For over 25 years, Pamela has “been a mental health advocate for communities around the globe through her research, science policy leadership, and global health practice. Her research has focused on social stigma related to mental illness and its relationship to HIV risk among women of color with severe mental illness; the intersections of mental health services with HIV prevention, care and treatment; and the mental health needs of urban adolescents in low-resource settings.” Pamela’s massive efforts on community mental health impact led her to being recognized as the 2023 SPH MLK Jr. Community Service Award winner. 

2022 Recipient, Ahoua Koné 

Clinical Associate Professor in the Department of Global Health 

Ahoua Koné’s commitment to the betterment of black and brown community members and aiding them in improving their health and wellness is deeply rooted in the expressions of her time, talent, and treasures. 

“Koné's longstanding commitment to addressing the needs of communities of color includes her co-creating and leading the African Communities Network, being the principal support of the Somali Family Safety Task Force and the Somali Health Board in multiple projects to improve the conditions of Somali families in the region. 

As a Black woman, a community activist and a lawyer, Koné is actively involved in social justice and community development projects working with like-minded individuals and organizations to challenge racism and inequality.”  

Kone’s drive to continuously develop communities of color led to her winning the 2022 SPH MLK Jr. Community Service Award. 

2021 Recipient, Students of Color for Public Health  

SCPH, a registered student organization within the Public Health-Global Health major, is dedicated to providing a space for students of color interested in public health. The organization exists to create an inclusive space where one can feel validated, motivated, and inspired in the field through professional, academic, and social support. SCPH strives to promote health within marginalized communities through education and service. 

A core commitment to supporting and inspiring students of color helped them to be recognized with the 2021 SPH MLK Jr. Community Service Award. 

2020 Recipient, Marie-Claire Gwayi-Chore 

PhD graduate in Implementation Science in the Department of Global Health  

Gwayi-Chore has traveled the globe “examining what public health interventions work, for whom and under what circumstances, and how they can be adapted and scaled up in ways that are accessible and equitable.” It is this focus on driving equitable and scalable public health interventions that helped lead her to winning the 2020 SPH MLK Jr. Community Service Award.  

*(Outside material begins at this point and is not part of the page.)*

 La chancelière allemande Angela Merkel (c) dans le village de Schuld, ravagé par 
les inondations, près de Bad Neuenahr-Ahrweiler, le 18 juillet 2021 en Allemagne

She is proud of “pursuing social justice through empathy, advocacy and representation.” Gwayi-Chore’s knowledge, skills, and accolades are vast and her impact is felt widely and so it should be of no surprise that she was once again recognized for work in driving change and community impact. 

2019 Recipient, Michele Andrasik  

Affiliate Associate Professor of Global Health and of Environmental and Occupational Health Sciences 

Andrasik is a founder of the UW’s Student of Color Affinity Group (SOCAG), a student organization that offers graduate students of color a network linked by shared experiences. She has been recognized for “offering her space, time, ideas, mentorship and resources to uplift and advance the vision of graduate students of color and other diverse students for both the School of Public Health and the broader Seattle community.” Her mentorship runs deep as she offers both “instrumental and psychosocial mentorship for students” while also sharing strategies for how underrepresented students can navigate predominantly white spaces. 

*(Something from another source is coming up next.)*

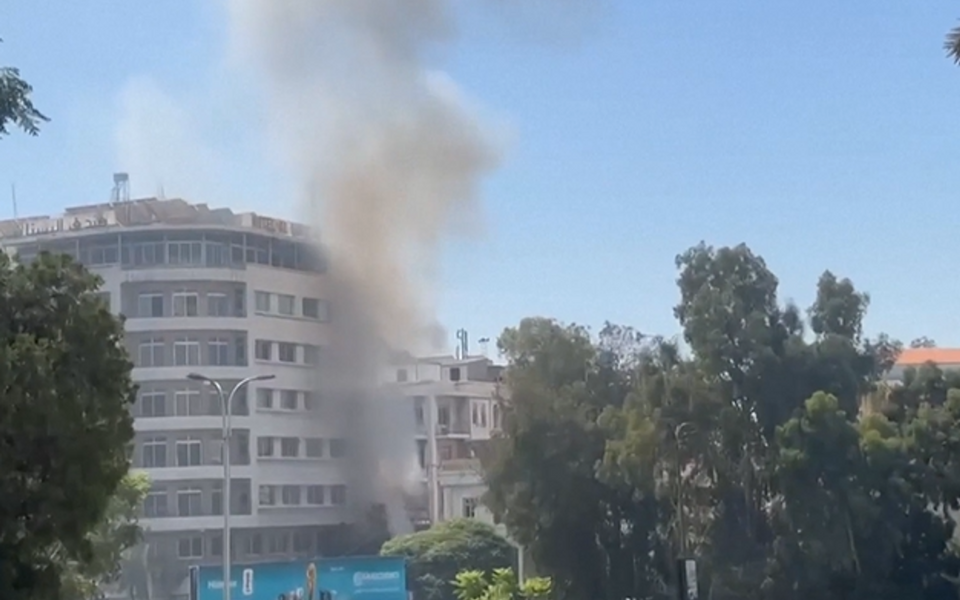 (VIDEO) Panika u Damasku: Odjeknule eksplozije u blizini hotela u kojem je prespavao Emanuel Makron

Outside of work, Andrasik co-leads a local girl scout troop and has organized a purse and toiletry bag drive every holiday season for multiple years. 

Through this work, we see that anytime is a good time to inspire even the youngest community members to do good for others while growing their own abilities.  

These five previous MLK Jr. Service Award winners freely showcase a profound and deeply-rooted background in doing more for others.